Work to complete = Transcribe all the records exactly and omit any images they hold.

Information =
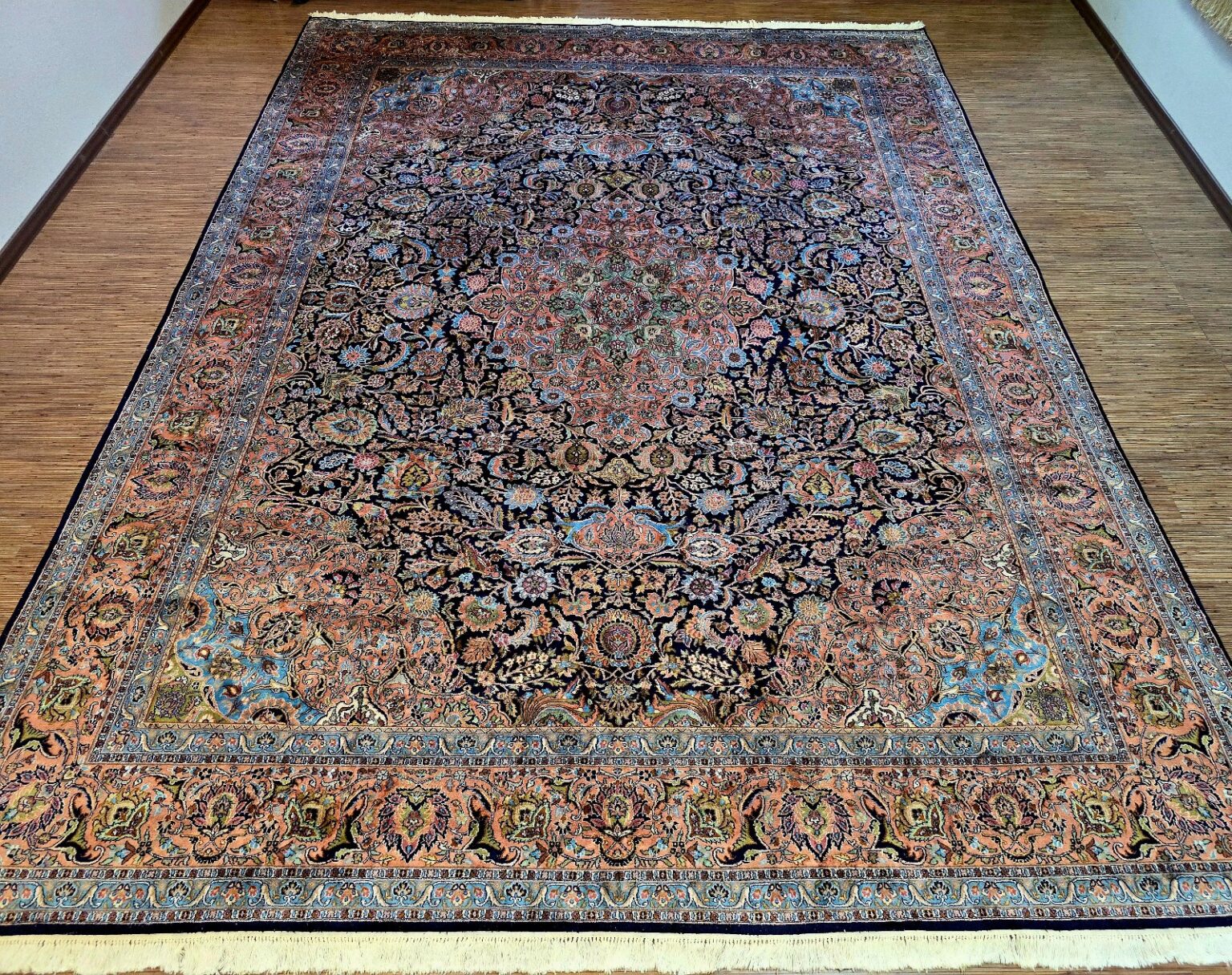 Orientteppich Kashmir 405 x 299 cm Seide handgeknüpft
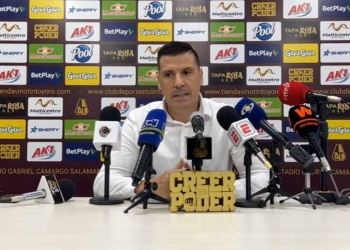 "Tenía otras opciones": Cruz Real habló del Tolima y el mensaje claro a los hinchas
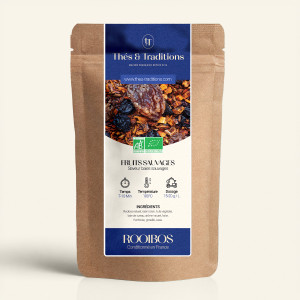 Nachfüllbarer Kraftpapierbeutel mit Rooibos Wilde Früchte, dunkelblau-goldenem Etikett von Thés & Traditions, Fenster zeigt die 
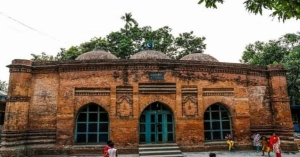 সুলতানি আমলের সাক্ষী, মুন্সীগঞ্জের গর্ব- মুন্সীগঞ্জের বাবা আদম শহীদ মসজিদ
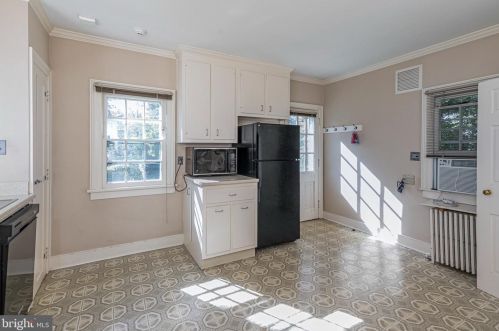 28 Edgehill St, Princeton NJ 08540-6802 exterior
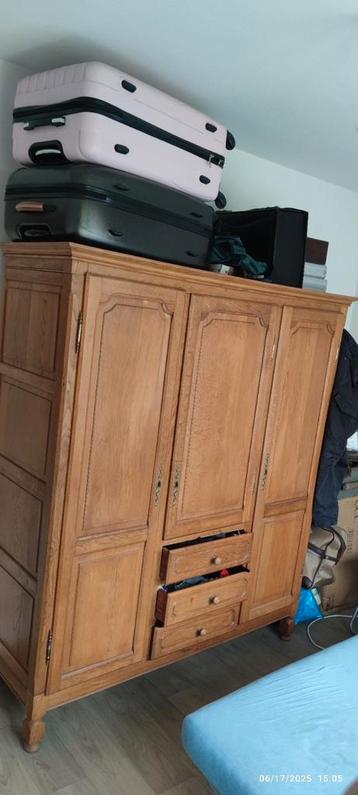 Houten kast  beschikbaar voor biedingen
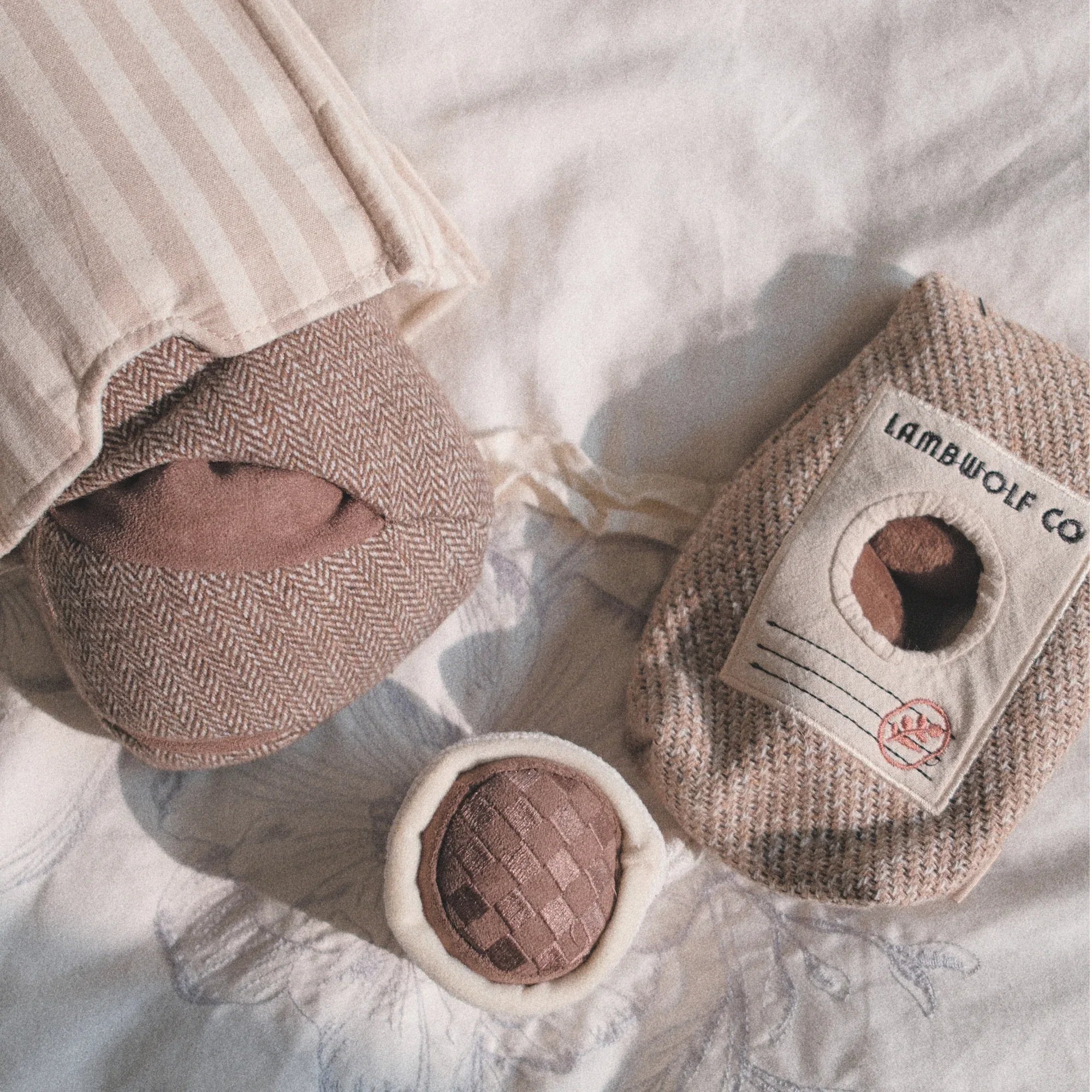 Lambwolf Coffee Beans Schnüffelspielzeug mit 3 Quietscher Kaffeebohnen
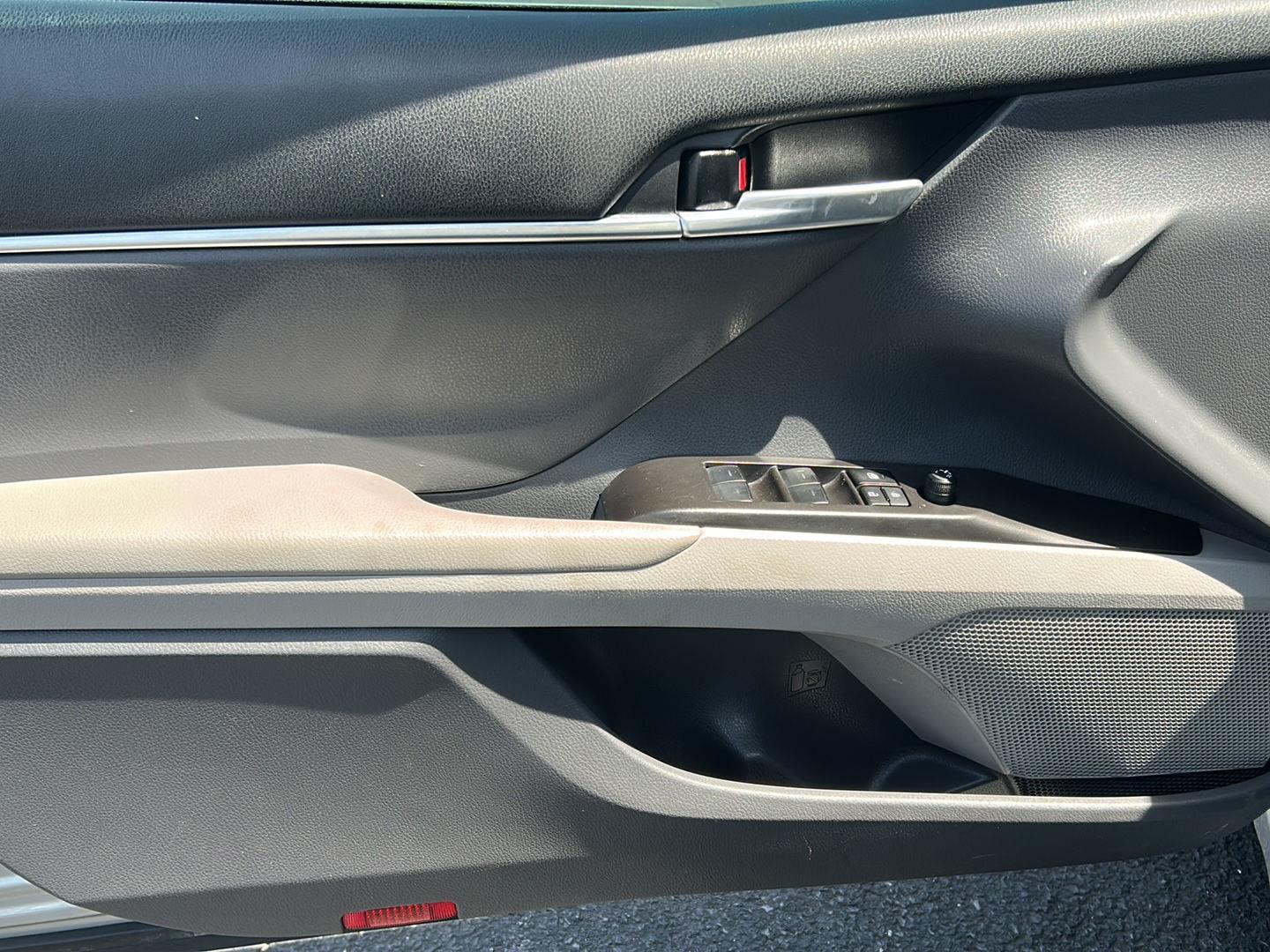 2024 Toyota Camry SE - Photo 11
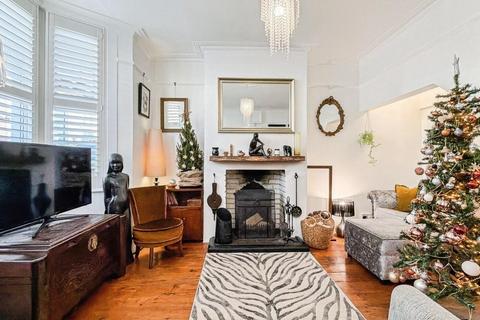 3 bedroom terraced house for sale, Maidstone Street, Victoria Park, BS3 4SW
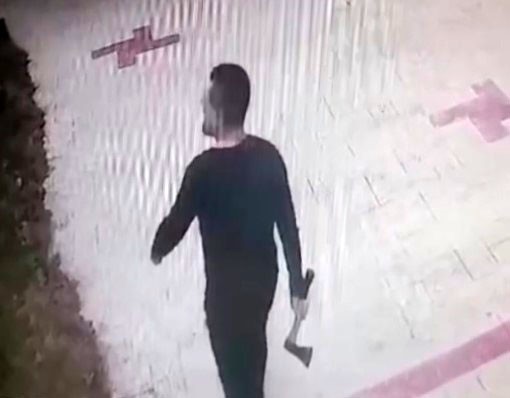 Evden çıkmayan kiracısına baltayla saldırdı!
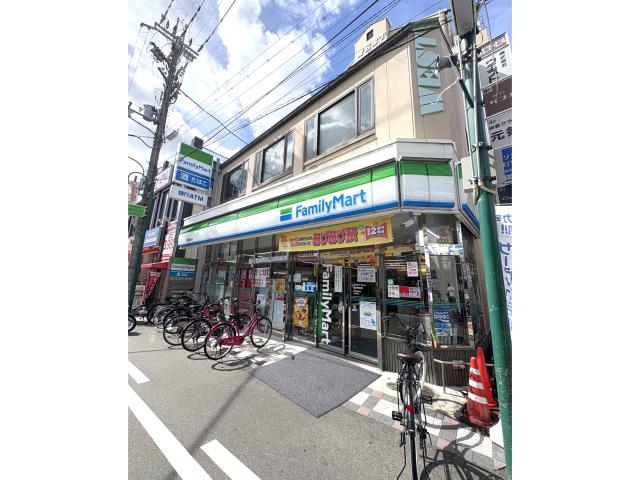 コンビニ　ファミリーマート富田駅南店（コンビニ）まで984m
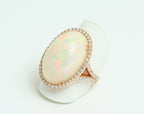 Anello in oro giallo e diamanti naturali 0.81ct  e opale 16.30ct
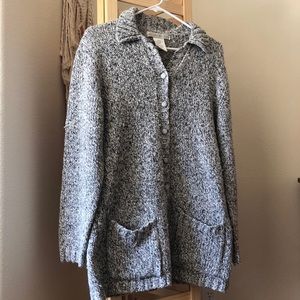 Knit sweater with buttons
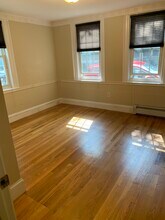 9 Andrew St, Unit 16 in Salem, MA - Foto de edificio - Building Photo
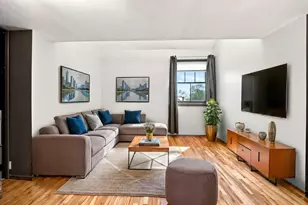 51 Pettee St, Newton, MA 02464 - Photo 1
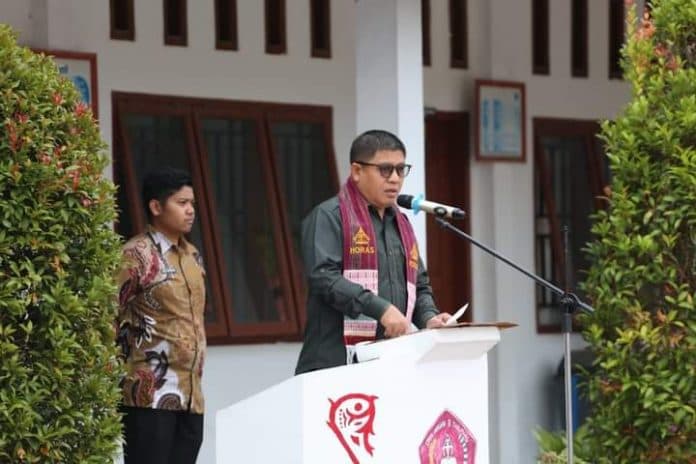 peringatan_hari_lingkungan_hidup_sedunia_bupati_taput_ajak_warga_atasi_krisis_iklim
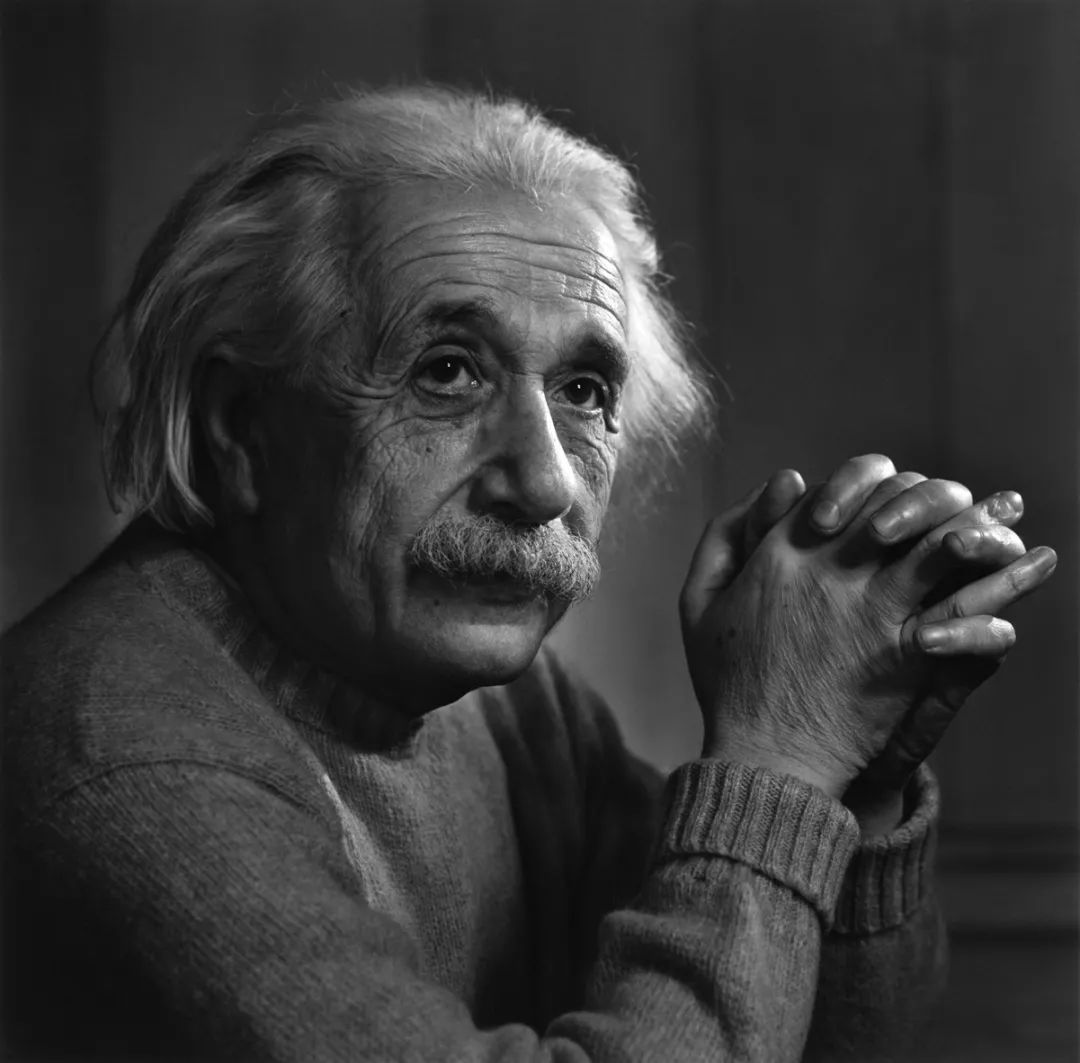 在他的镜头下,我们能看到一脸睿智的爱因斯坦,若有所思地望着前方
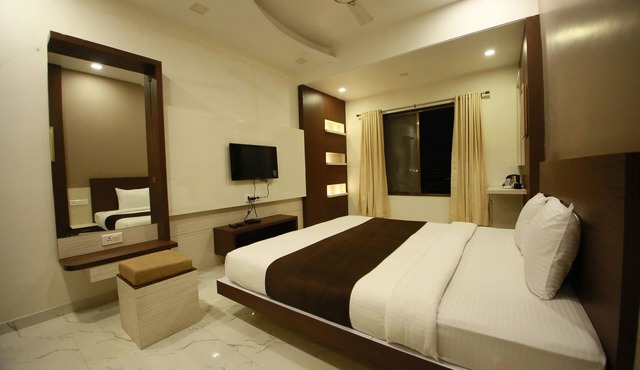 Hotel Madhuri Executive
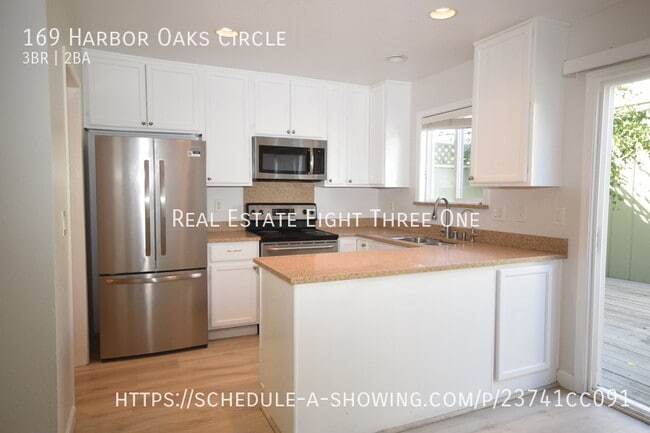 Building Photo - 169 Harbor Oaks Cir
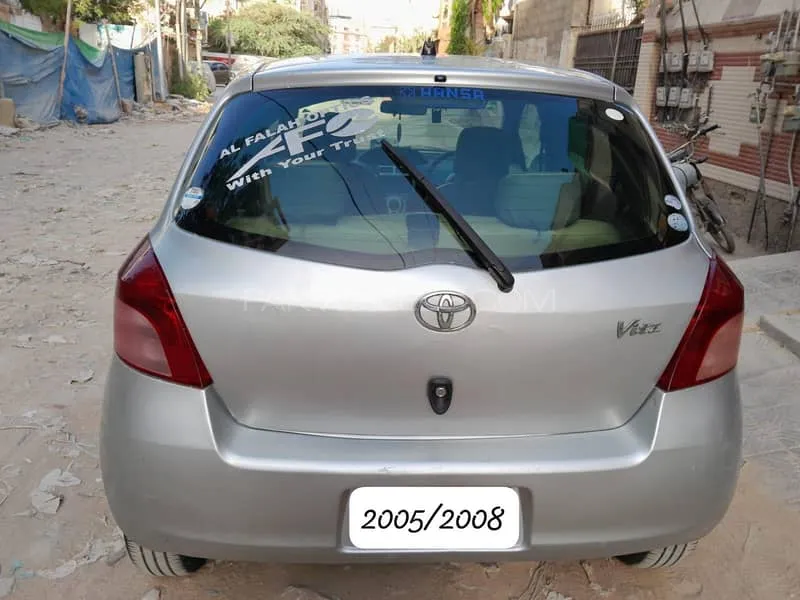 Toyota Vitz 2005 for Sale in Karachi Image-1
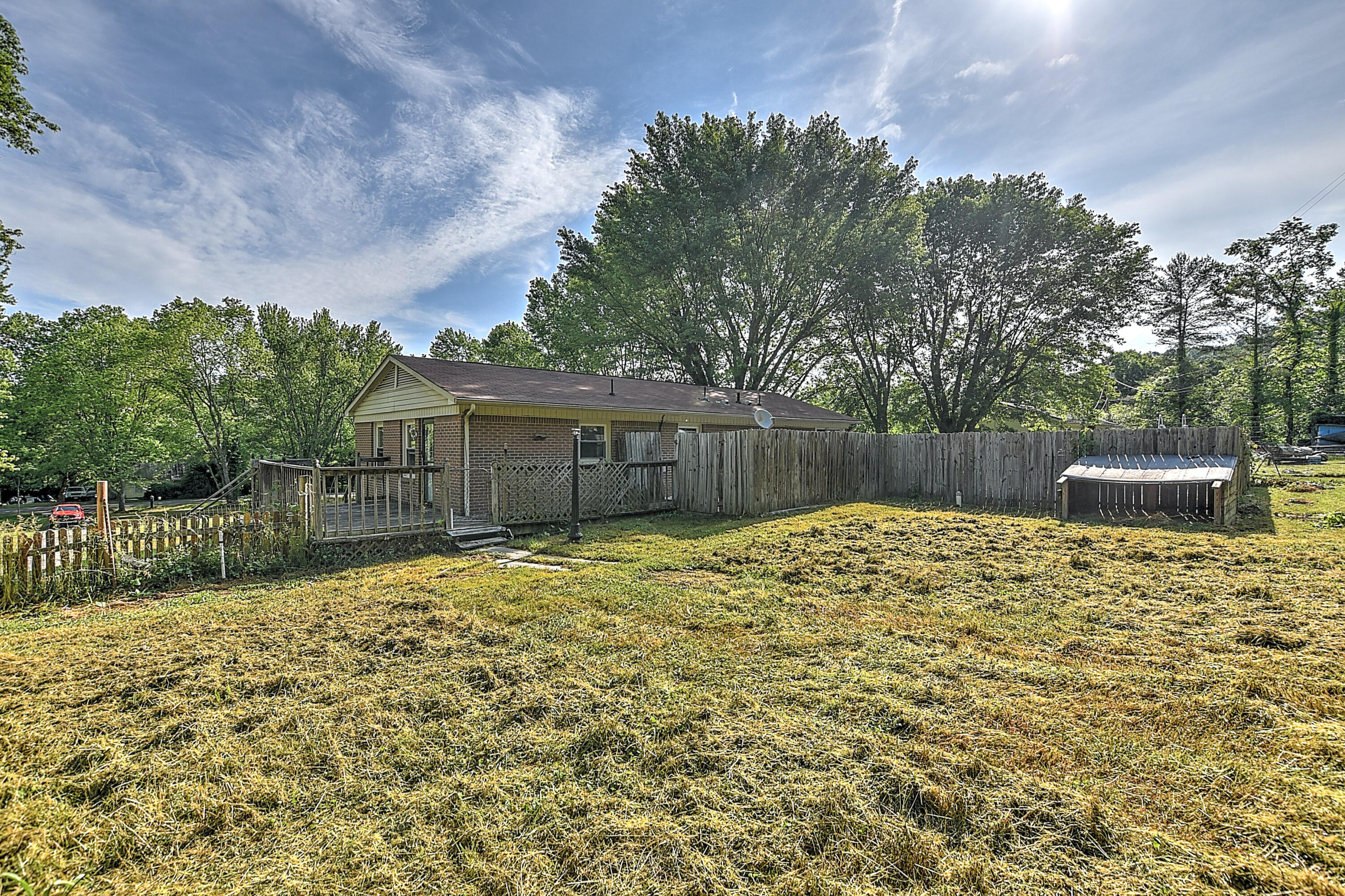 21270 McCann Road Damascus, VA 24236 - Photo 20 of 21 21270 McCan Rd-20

Response =
 Orientteppich Kashmir 405 x 299 cm Seide handgeknüpft
 "Tenía otras opciones": Cruz Real habló del Tolima y el mensaje claro a los hinchas
 Nachfüllbarer Kraftpapierbeutel mit Rooibos Wilde Früchte, dunkelblau-goldenem Etikett von Thés & Traditions, Fenster zeigt die 
 সুলতানি আমলের সাক্ষী, মুন্সীগঞ্জের গর্ব- মুন্সীগঞ্জের বাবা আদম শহীদ মসজিদ
 28 Edgehill St, Princeton NJ 08540-6802 exterior
 Houten kast  beschikbaar voor biedingen
 Lambwolf Coffee Beans Schnüffelspielzeug mit 3 Quietscher Kaffeebohnen
 2024 Toyota Camry SE - Photo 11
 3 bedroom terraced house for sale, Maidstone Street, Victoria Park, BS3 4SW
 Evden çıkmayan kiracısına baltayla saldırdı!
 コンビニ　ファミリーマート富田駅南店（コンビニ）まで984m
 Anello in oro giallo e diamanti naturali 0.81ct  e opale 16.30ct
 Knit sweater with buttons
 9 Andrew St, Unit 16 in Salem, MA - Foto de edificio - Building Photo
 51 Pettee St, Newton, MA 02464 - Photo 1
 peringatan_hari_lingkungan_hidup_sedunia_bupati_taput_ajak_warga_atasi_krisis_iklim
 在他的镜头下,我们能看到一脸睿智的爱因斯坦,若有所思地望着前方
 Hotel Madhuri Executive
 Building Photo - 169 Harbor Oaks Cir
 Toyota Vitz 2005 for Sale in Karachi Image-1
 21270 McCann Road Damascus, VA 24236 - Photo 20 of 21 21270 McCan Rd-20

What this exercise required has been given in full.